Michael O’Neill made two changes, with Chester returning from a calf injury at the expense of Danny Batth as the manager kept faith in Souttar and Collins.
Sam Clucas was out too, nursing a calf injury that assistant boss Billy McKinlay said he had picked up at Luton. In came Jordan Thompson to partner captain for the evening John Obi Mikel in a 3-4-3.
McKinlay was keen to stress in his match preview that Stoke fans shouldn’t be over confident based on the results in this fixture last season.
“We have to be at full tilt,” he said, “We have to play with plenty of energy. They’ve got good players and a good shape to them.”
Sure enough, Stoke were evidently keen to move the ball quickly and get forward quickly – but on the flip side, that left space for Barnsley to try to find.
And there was more than a nervous moment when a long pass from Alex Mowatt over the top released Frieser and Cauley Woodrow behind the defence.
Frieser tore away down the inside right but by the time he chipped in a deep cross, Stoke defenders had recovered from appealing for offside and Collins was in place to make the block.
But Stoke didn’t heed the warning and Barnsley were ahead in the 19th minute.
Chester had dashed over to the left to concede a throw mid-way inside the Stoke half and the hosts just didn’t deal with it. Woodrow collected and span past Souttar before crossing for Simoes, free with Tommy Smith chasing, to slide coolly into the bottom corner.
O’Neill moved to act and tweaked his system, mirroring Barnsley’s by switching Powell to the number 10 role.
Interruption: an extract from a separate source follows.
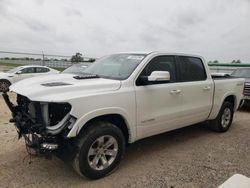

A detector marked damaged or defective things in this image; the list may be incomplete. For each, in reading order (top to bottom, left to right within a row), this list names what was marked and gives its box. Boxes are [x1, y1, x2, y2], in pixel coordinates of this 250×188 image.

damaged hood [10, 73, 121, 102]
Straight away, Stoke had their two best openings.
The first was when the ball was switched quickly to the left for Tymon to whip in a cross for Campbell, sprinting in to clip first time just wide. Encouraging even if the flag went up for a tight offside call.
Powell then slipped a lovely slide rule pass to Fletcher running in from narrow right direct at goal. Jack Walton was out well to save but Fletcher looked like he knew he shouldn’t have given him a chance.
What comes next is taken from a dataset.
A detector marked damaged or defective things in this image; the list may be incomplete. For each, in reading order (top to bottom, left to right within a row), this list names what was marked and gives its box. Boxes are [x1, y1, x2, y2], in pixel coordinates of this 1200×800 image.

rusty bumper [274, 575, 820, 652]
In the end, however, it was Souttar with the defence-splitting pass one minute before half-time. He strode out of the back and took out the entire Barnsley team with a low ball to released Campbell, whose well-timed diagonal run got him one-on-one.
Campbell made no mistake with his finish under Walton and Stoke seemed set to have the second half to try to get their noses in front.
Except Barnsley had other plans – and Stoke had more terrible defending.
A dinked cross from just right of centre from Mowatt found Frieser, who was remarkably unchallenged by Smith as he improvised to poke a shot past Adam Davies.
Smith looked suitably admonished by the re-start and didn’t even raise a smile when he banged in his first Stoke goal – and first goal at all since scoring for Huddersfield against Aston Villa in March 2017 – moments later.
A high cross from Thompson wasn’t going anywhere but Walton came to claim and made a right hash, with no pressure, and presented the onrushing right-back with a chance to make amends. It was a neat finish with not much to aim at.
Fletcher had another chance when Powell, again, slipped a pass down the inside right. It was the same result as Fletcher hooked his shot over.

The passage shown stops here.